:: Exercise data ::

*-*-*

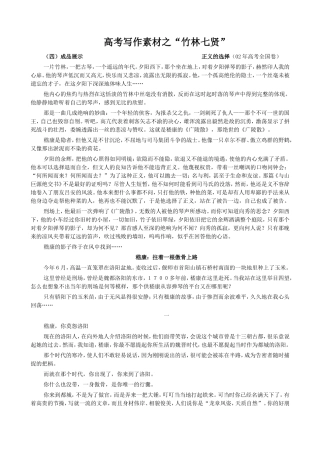 作文素材之竹林七贤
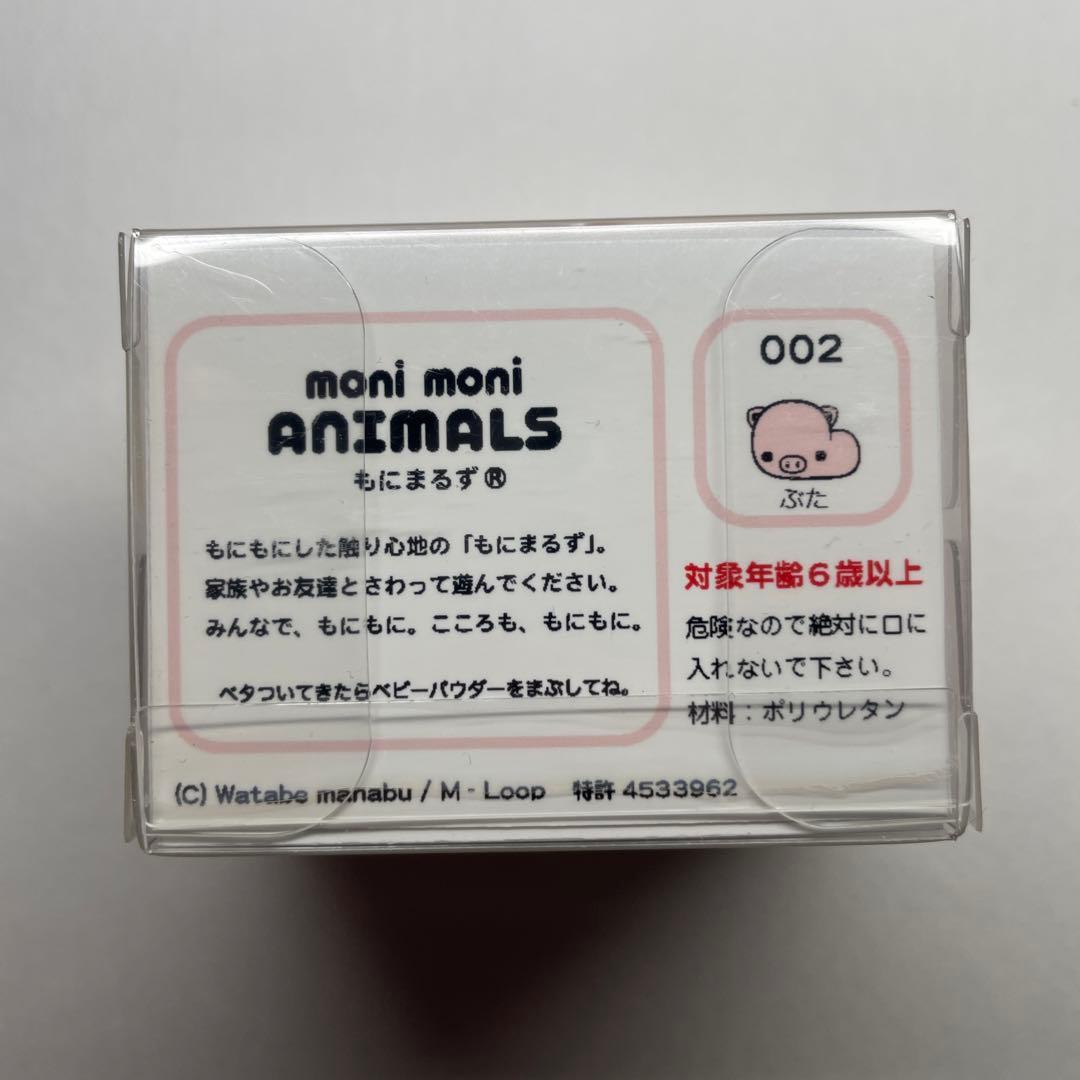 もにまるず ぶた moni moni ANIMALS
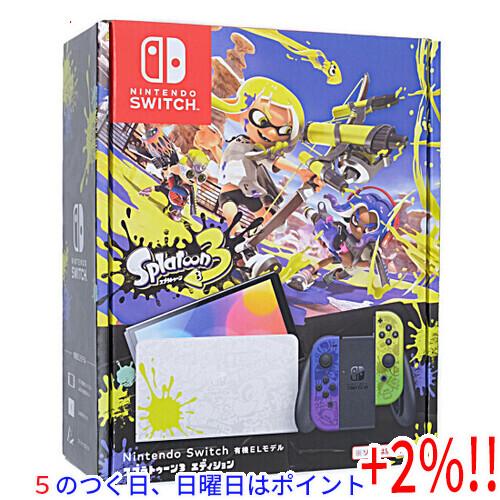 【５のつく日はポイント+3％！】【中古】任天堂 Nintendo Switch 有機ELモデル スプ...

*-*-*

:: Required action ::
A word-for-word reprint of the listing above is needed, minus the pictures.

:: Finished task ::
 作文素材之竹林七贤
 もにまるず ぶた moni moni ANIMALS
 【５のつく日はポイント+3％！】【中古】任天堂 Nintendo Switch 有機ELモデル スプ...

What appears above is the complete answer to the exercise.